McMullin was heavily inspired by both the setting and stories of his childhood, and convincingly blends the mix of menace and adventure found in films like “The Goonies” and “Stand by Me.”

He’s set his own movie somewhere around the mid-1980s, near Point Pleasant, New Jersey. It’s summer, and we can see immediately the clash between the suspicious “townies” and the vacationing “Bennies.” Most resentful among the locals is Red (Alex Neustaedter, “AXL”), who is both a few years older and a whole lot angrier than the teens he leads in undercover acts of class warfare.

Red, Alan (Keean Johnson, “Alita: Battle Angel”) and Smitty (Daniel Zolghadri, “Eighth Grade”) spend their nights breaking into summer homes and collecting whatever loot they can grab. But Alan starts having second thoughts once Red encourages him to bring his tween brother Peter (Jaeden Martell) along. (Martell previously starred in such films as “It” and “The Book of Henry” as Jaeden Lieberher.)

Alan’s crisis of conscience grows stronger when he falls for innocent beauty Mary (Kristine Froseth, “Sierra Burgess Is a Loser”), who’s visiting the shore from Connecticut. And when local police officer Sgt. Kent (Shea Whigham) delivers a stern warning, Alan knows he wants out.

The perfect opportunity arrives when the guys hit one last house, and Alan finds a bag of antique gold coins. He tries to keep this discovery a secret, enlisting Peter to help him bury the stash on a nearby island. Their plan is to slowly sell the coins off, which would make them rich beyond their dreams and change their lives unimaginably.

But, of course, nothing is that easy. Fate seems determined to decree that the boys were born to be townies, and that’s what they will remain. One obstacle after another complicates their fantasy, until it threatens to become a nightmare.

McMullin’s feel for the setting greatly enhances the story, as does evocative camerawork from Andrew Ellmaker, making his own impressive feature debut. But McMullin’s inexperience as both a writer and director does sometimes hold him back. We can see too much of his plotting laid out, as clearly as if he’d handed us a treasure map with an X at the center.

Some of the supporting characters also suffer from a noticeable lack of depth.

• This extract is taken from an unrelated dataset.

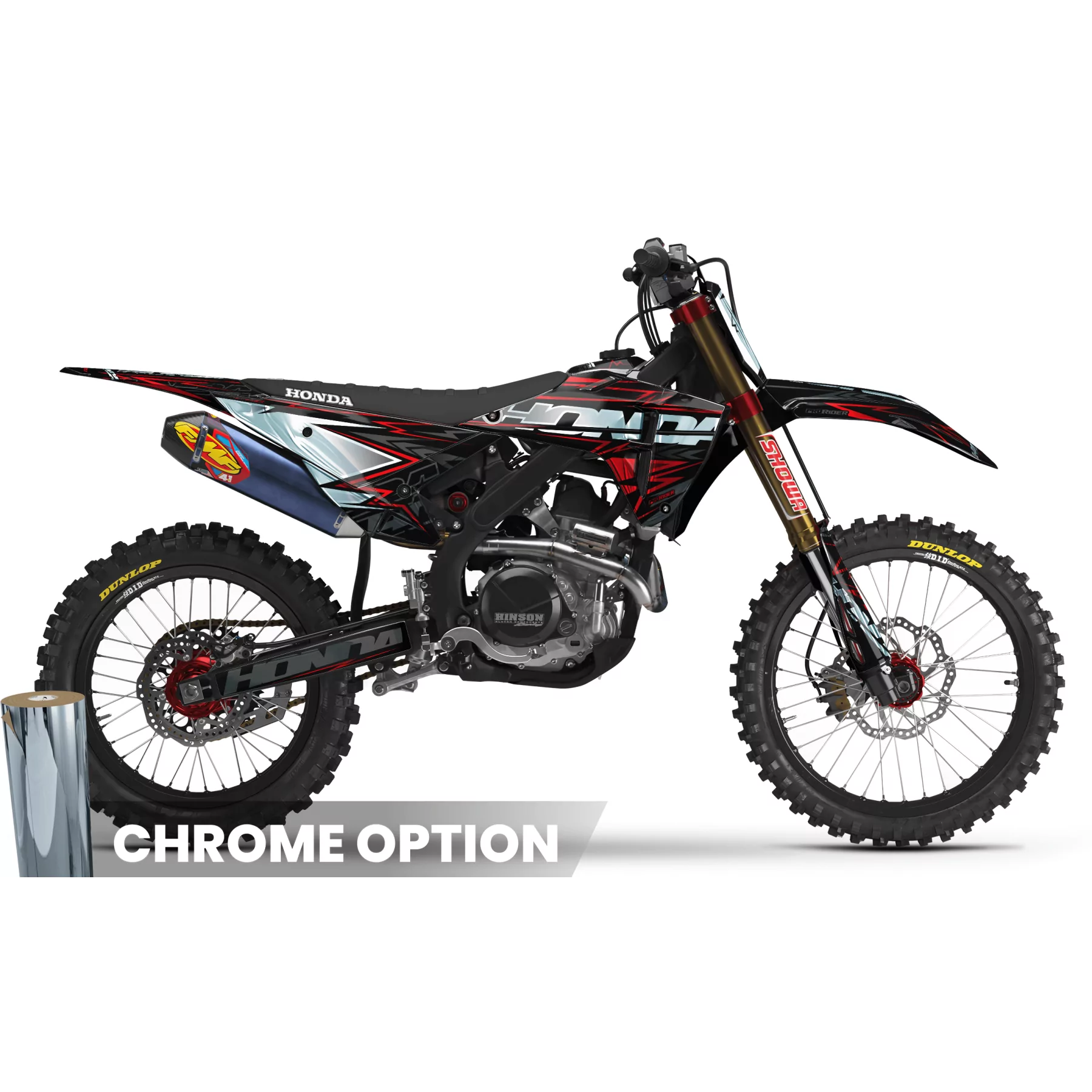 Stickerset moto STICKERSET MOTOCROSS HONDA W-RED BOLD EFFECT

Froseth gives her character as much soulfulness as she can, but there’s no escaping the feeling that Mary exists solely to reflect Alan’s experiences.

Neustaedter could have used stronger direction, as well. Red starts off acting like a hotheaded sociopath, so it’s really no surprise when he turns out to be, well, a hotheaded sociopath.

But the younger actors bring surprising dimensions to what should be overly-familiar roles. We understand Alan’s unmodulated mix of brash confidence and inexperienced confusion, even — especially — when he makes clearly terrible choices. We relate to Peter’s frustrations, as a smart and serious-minded kid who isn’t yet bogged down in adolescent madness.

Most interesting of all is Zolghadri, who really digs into Smitty’s complicated weirdness. From one direction, we see an innocent and intelligent kid in desperate need of guidance. From another, he’s already a dangerous lost cause. That we never land on either, and leave the movie wondering which direction he’ll take, speaks highly of both Zolghadri and his up-and-coming director.